* **Available records**:
╔══
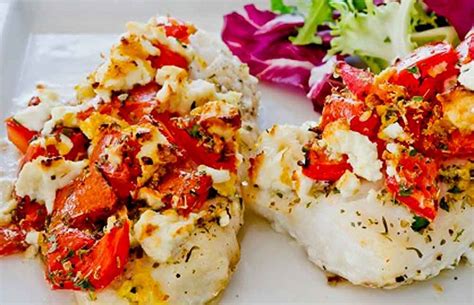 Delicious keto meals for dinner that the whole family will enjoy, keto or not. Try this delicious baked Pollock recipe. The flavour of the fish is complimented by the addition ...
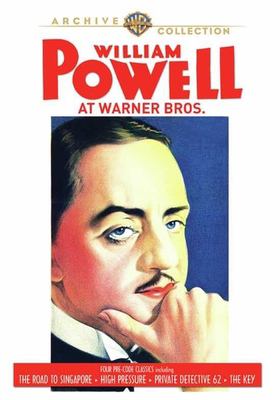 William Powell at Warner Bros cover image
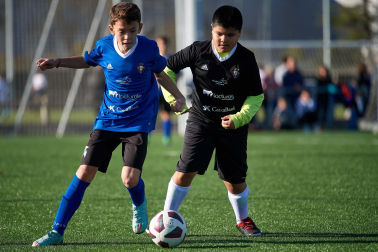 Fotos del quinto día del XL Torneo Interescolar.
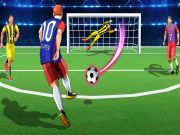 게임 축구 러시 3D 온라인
╚══
╔══
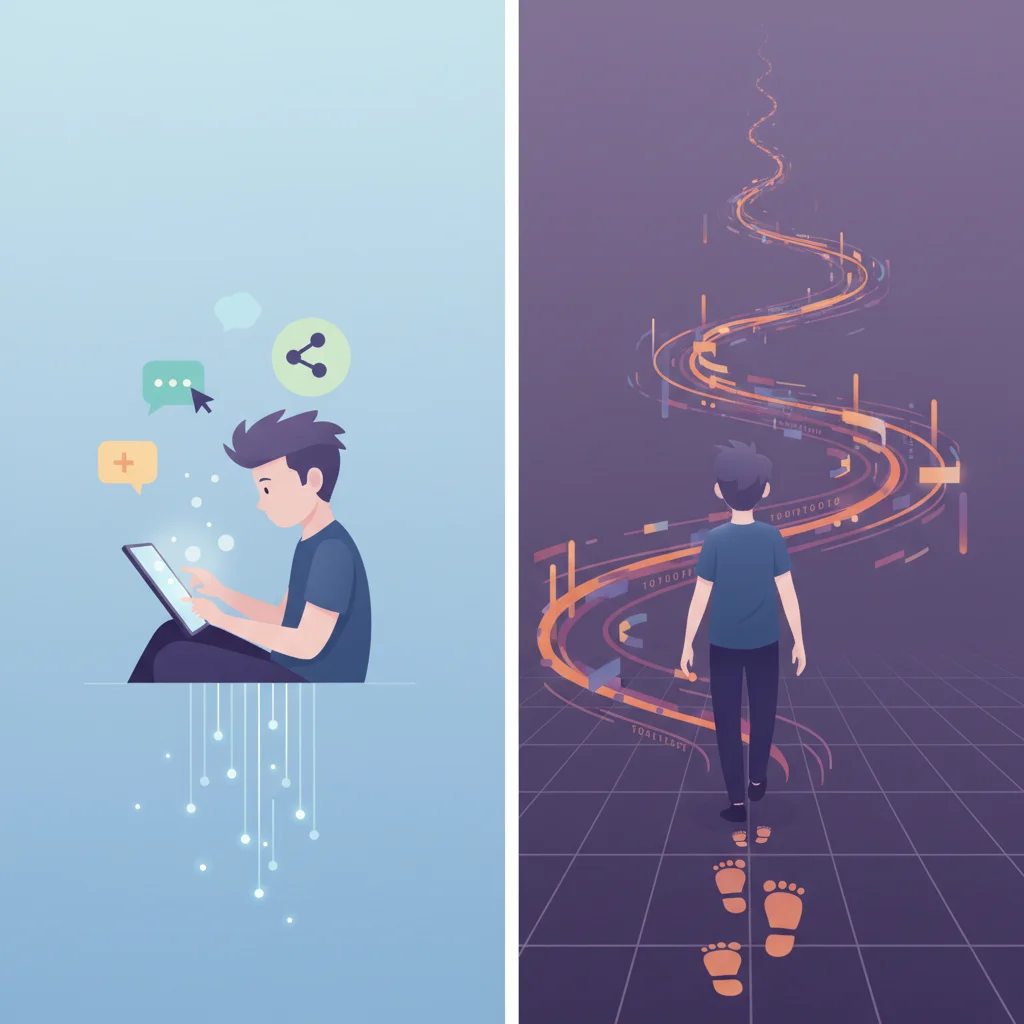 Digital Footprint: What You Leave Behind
╚══
* **Task brief**: Copy exactly, without pictures, the lines above from the one with "Delicious keto meals" down to the one with "게임 축구 러시 3D 온라인", inclusive.

* **Output of the exercise**:
 Delicious keto meals for dinner that the whole family will enjoy, keto or not. Try this delicious baked Pollock recipe. The flavour of the fish is complimented by the addition ...
 William Powell at Warner Bros cover image
 Fotos del quinto día del XL Torneo Interescolar.
 게임 축구 러시 3D 온라인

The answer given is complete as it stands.